A partir dali o Ministério Público passa a estar municiado não apenas com a Ação Civil Pública, mas com um instrumento sem correspondente no Direito Comparado, o Inquérito Civil Público, de sua titularidade exclusiva.
 
Faltava ainda, para que o sistema teórico fosse completo, que o Ministério Público tivesse independência dos Poderes do Estado.

Essa independência surge em 88, decorrente do trabalho incessante dos membros da instituição, desde a Carta de Curitiba, saída do VI Congresso Nacional do Ministério Público.

Fato é que a partir de 88 temos as três inovações normativas – Ação Civil Público, NORMATIZAÇÃO DOS DIREITOS COLETIVOS e INDEPENDÊNCIA FUNCIONAL, além de um forte voluntarismo político , que marca a instituição a partir dali.

Na sequência, sucedem vários diplomas que pintam novas atribuições no quadro geral de atuação do Ministério Público na tutela de interesses transindividuais.
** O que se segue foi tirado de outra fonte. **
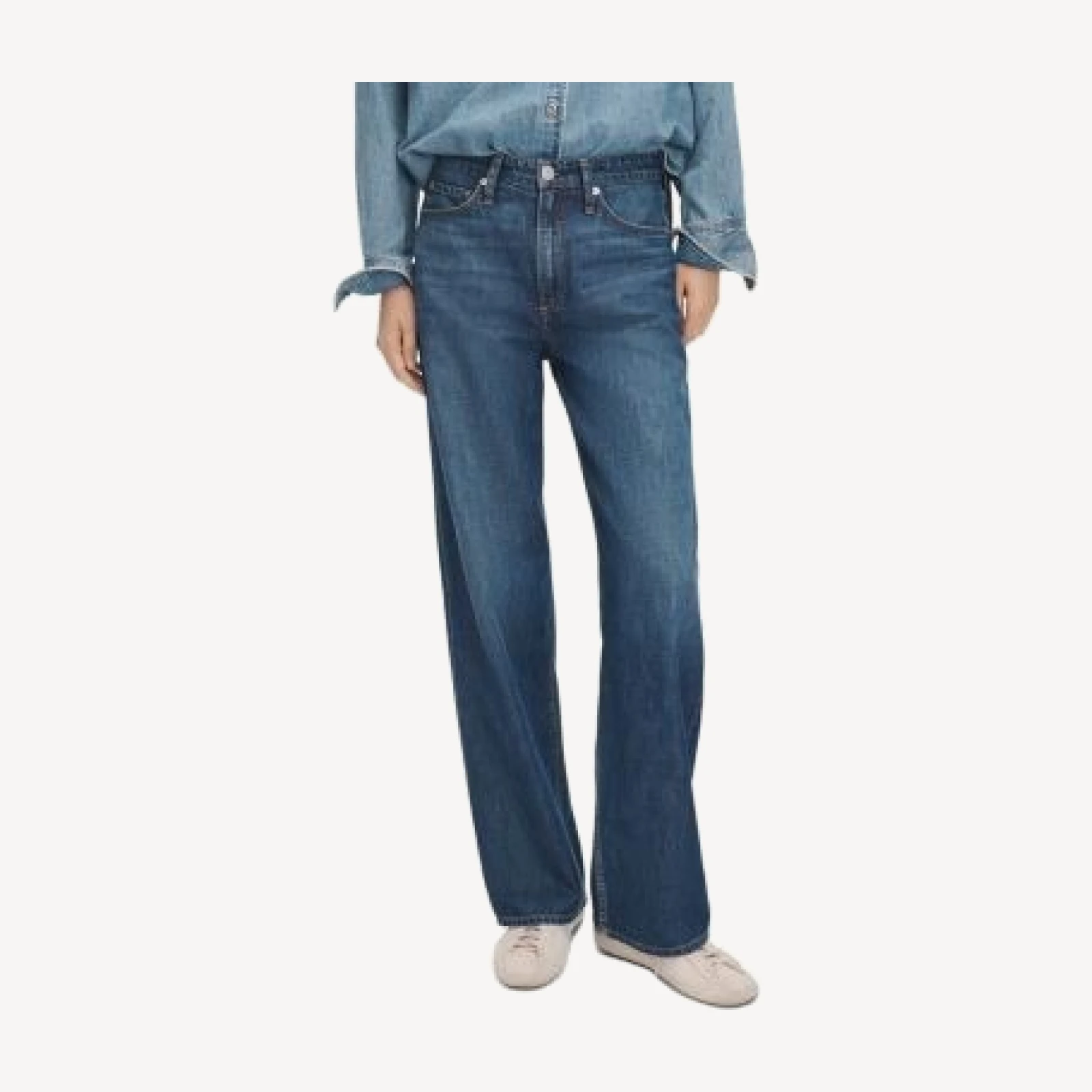 rag & bone Ftwt Logan High Rise Wide Leg Jeans in Harbor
Tudo isso cabe na fase que denominamos ANABÓLICA, surgida na década de 60 e que perdura ainda hoje.

*Carlos Vinícius Alves Ribeiro, Mestre e Doutorando em Direito do Estado pela USP, membro do Centro de Estudos de Direito Administrativo, Ambiental e Urbanístico da USP, Professor e Promotor de Justiça.